Plus important encore, sur la seconde conclusion, la Cour a choisi d’ignorer que l’État, l’employeur des magistrats (aussi bien ceux du siège que du parquet), est la cause de l’absence des avocats commis d’office. En effet, les avocats, depuis plus d’un an, boycottent tous les procès pénaux parce que l’État ne paie pas les commissions d’office (« Que toutefois, il est acquis au dossier que depuis plus d’un (01) an, les avocats ont déclenché un mouvement de suspension de leur participation aux sessions criminelles organisées par les juridictions sur toute l’étendue du territoire national »).

 

La Cour mentionne le boycott mais ne parle pas de ce qui le motive. Or, il est clair que l’absence des avocats (commis d’office) peut être considérée comme le fait de l’État et il est incompréhensible d’occulter ce fait. Pourquoi cette posture de la Cour constitutionnelle pour constater une violation de droits par le bâtonnier alors même que la faillite de l’État pèse dans la balance ?

 

Sur le troisième point, cette décision de la Cour constitutionnelle nous semble avoir ouvert les vannes pour les sessions criminelles des juridictions qui ont commencé quelques semaines plus tard, notamment à Cotonou avec l’affaire Dagnivo qui défraie la chronique judiciaire depuis lors.
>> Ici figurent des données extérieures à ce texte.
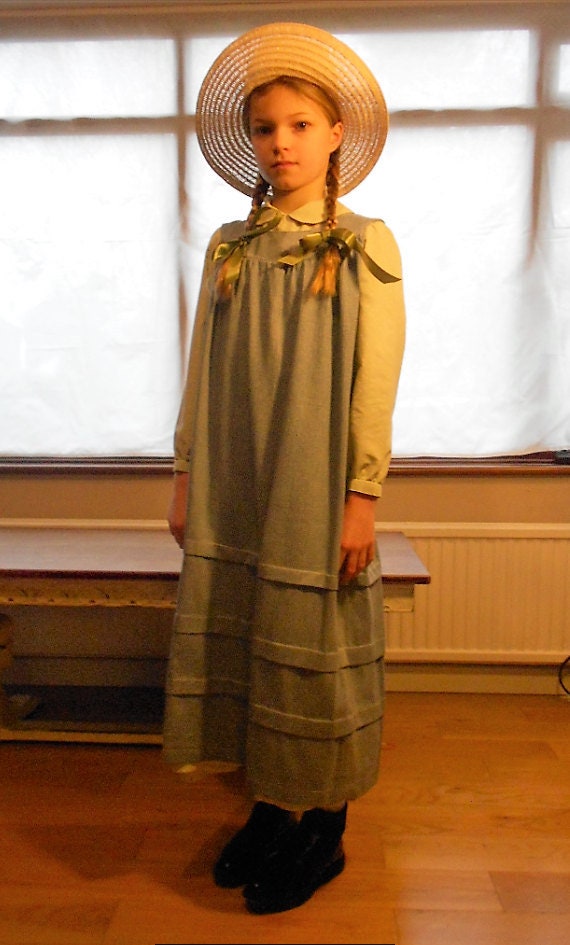 anne of green gables dress TH&TH Athena Cowl Back Bridesmaid Dress In Sage Green Chiffon main image 0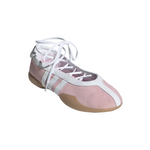 Adidas Taekwondo Mei Ballet Clear Pink White (Women's) - Image 2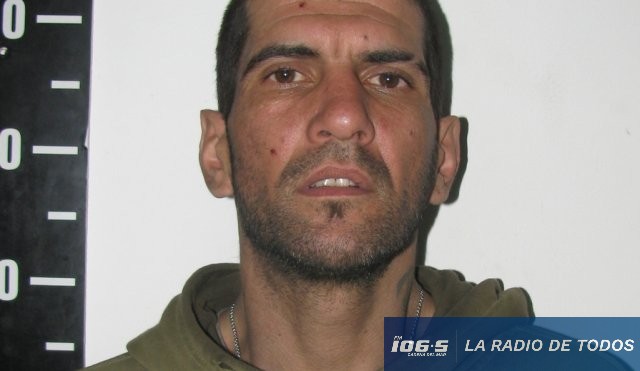 Leonardo Luján Fernández Martínez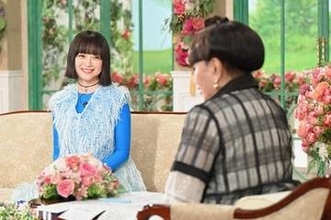 一世風靡した子役「40代になってお母さんの役が増えました」　2度の結婚、離婚を経て見つけた幸せ【徹子の部屋】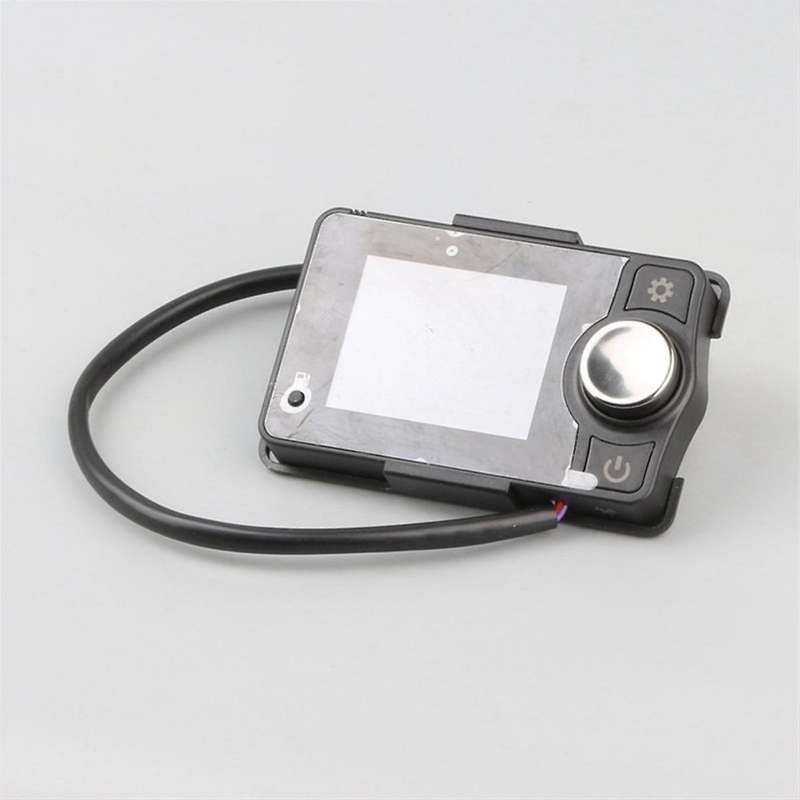 12V 5KW Air Diesels Air Heater Bluetooth Switch / Control Board Motherboard / Remote Control for Car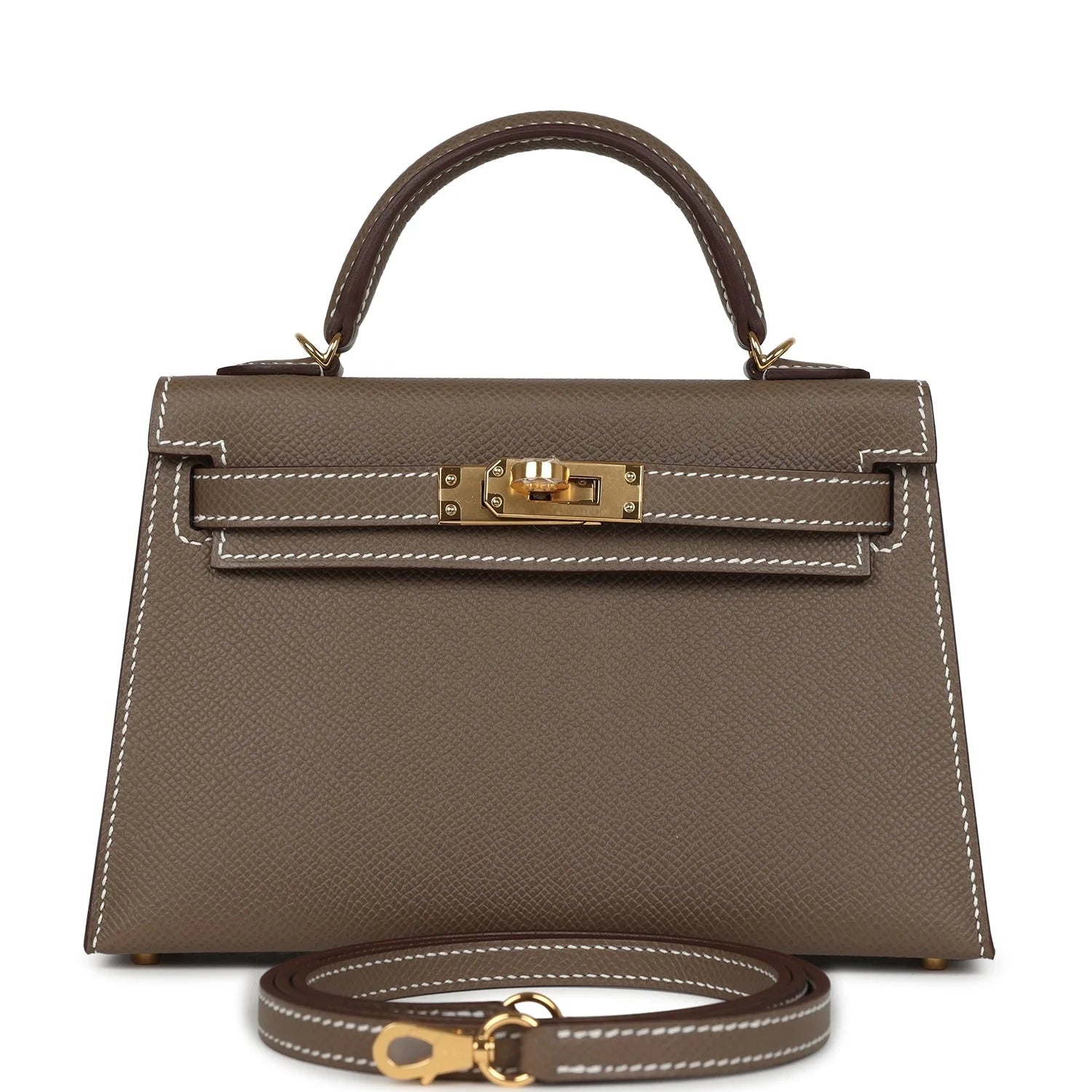 Cirene Melas Bag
La faute de l’État non appréciée, encore moins reconnue, n’a pourtant pas été corrigée. C’est un risque majeur pour les décisions qui seront rendues en l’absence de toute assistance légale des accusés, et ce risque va bien au-delà du procès autour du complot contre l’autorité de l’État.

 

Enfin, et sur le quatrième et dernier point, la Cour constitutionnelle est une haute institution qui participe du pouvoir judiciaire. A ce titre, elle doit préserver son indépendance. Or, la co-signature de la déclaration conjointe des présidents d’institutions de la République par le président de la Cour constitutionnelle jette un discrédit sur l’indépendance de la Cour qui fonde la foi du peuple béninois dans ses décisions.

 

Et la Cour constitutionnelle n’était pas la seule instance judiciaire à participer à cette déclaration politique. En fait, aucune haute juridiction ne peut participer à des déclarations politiques de cette nature sans enfreindre le fondement même de son mandat au service du peuple, et hors de la dynamique politique et/ou partisane. 

 

Pourquoi une telle double maladresse ? Nous avons besoin d’une Cour constitutionnelle qui ne s’installe pas dans l’arène politique temporelle, du régime en place, mais dans la sphère intemporelle pour ne s’exprimer que sur le droit positif et s’y limiter dans des conditions qui vont renforcer sa crédibilité. Elle va jouer un rôle important dans le processus électoral en cours.

 

Et pour le bien de tous, elle a une obligation de réserve qui constitue une protection de son indépendance. Elle est responsable devant le peuple, et ses membres sont responsables individuellement et collectivement. Il faut espérer qu’elle puisse asseoir son indépendance et renforcer sa crédibilité aux yeux de tous. Notre Bénin a besoin d’institutions fortes et stables pour son présent et son futur prospères.